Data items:
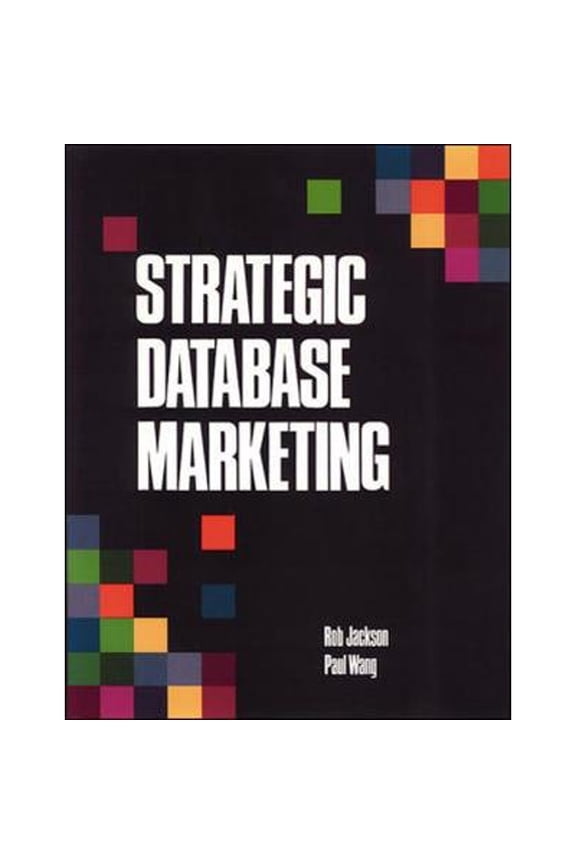 Pre-Owned Strategic Database Marketing (Hardcover) by Robert R Jackson, Lisa Petrison, Paul Wang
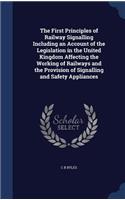 The First Principles of Railway Signalling Including an Account of the Legislation in the United Kingdom Affecting the Working of Railways and the Provision of Signalling and Safety Appliances
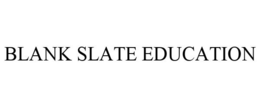 BLANK SLATE EDUCATION trademark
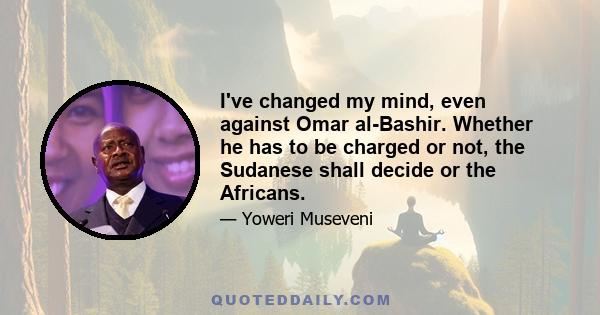 I've changed my mind, even against Omar al-Bashir. Whether he has to be charged or not, the Sudanese shall decide or the Africans.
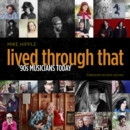 Lived Through That : '90s Musicians Today - Book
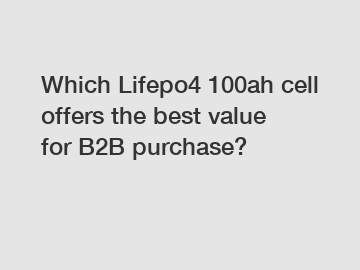 Which Lifepo4 100ah cell offers the best value for B2B purchase?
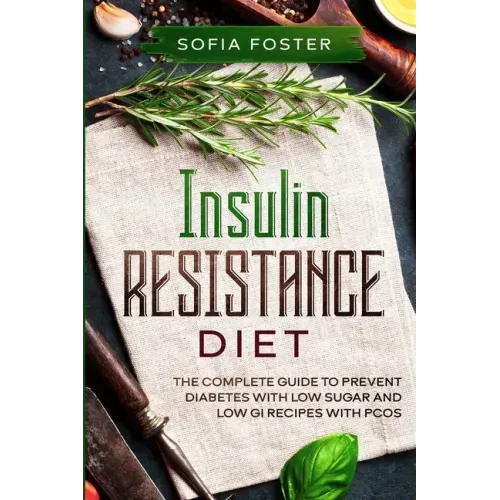 Insulin Resistance Diet: The Complete Guide To Prevent DiabetesWith Low Sugar and Low GI Recipes
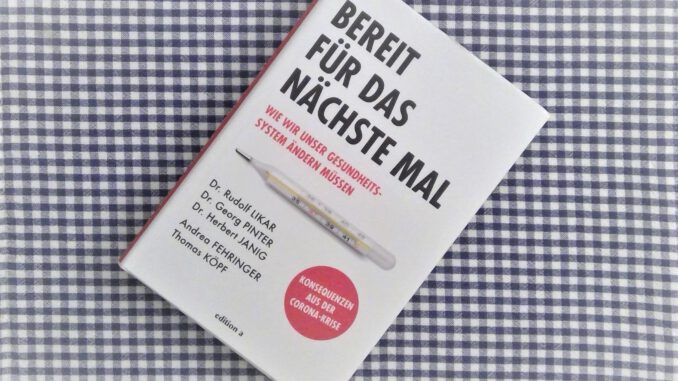 Buchcover "Bereit für das nächste Mal. Wie wir unser Gesundheitssystem ändern müssen" © Isabell Starowicz, 2020 edition a, Wien www.edition-a.at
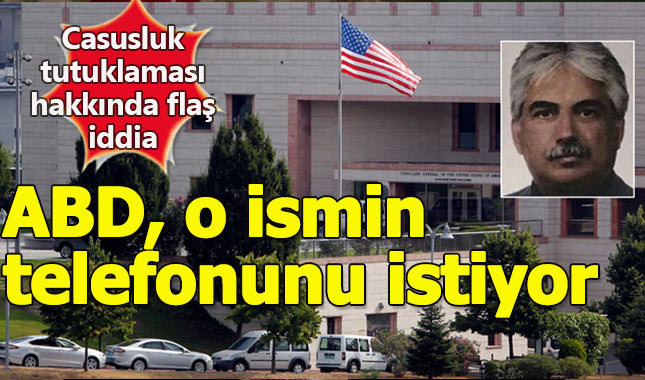 ABD, tutuklanan konsolosluk çalışanının cep telefonunu istedi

## Task objective
With pictures omitted, reproduce exactly the lines from the line containing "The First Principles" through the end of the data above.

## Output of the exercise
 The First Principles of Railway Signalling Including an Account of the Legislation in the United Kingdom Affecting the Working of Railways and the Provision of Signalling and Safety Appliances
 BLANK SLATE EDUCATION trademark
 I've changed my mind, even against Omar al-Bashir. Whether he has to be charged or not, the Sudanese shall decide or the Africans.
 Lived Through That : '90s Musicians Today - Book
 Which Lifepo4 100ah cell offers the best value for B2B purchase?
 Insulin Resistance Diet: The Complete Guide To Prevent DiabetesWith Low Sugar and Low GI Recipes
 Buchcover "Bereit für das nächste Mal. Wie wir unser Gesundheitssystem ändern müssen" © Isabell Starowicz, 2020 edition a, Wien www.edition-a.at
 ABD, tutuklanan konsolosluk çalışanının cep telefonunu istedi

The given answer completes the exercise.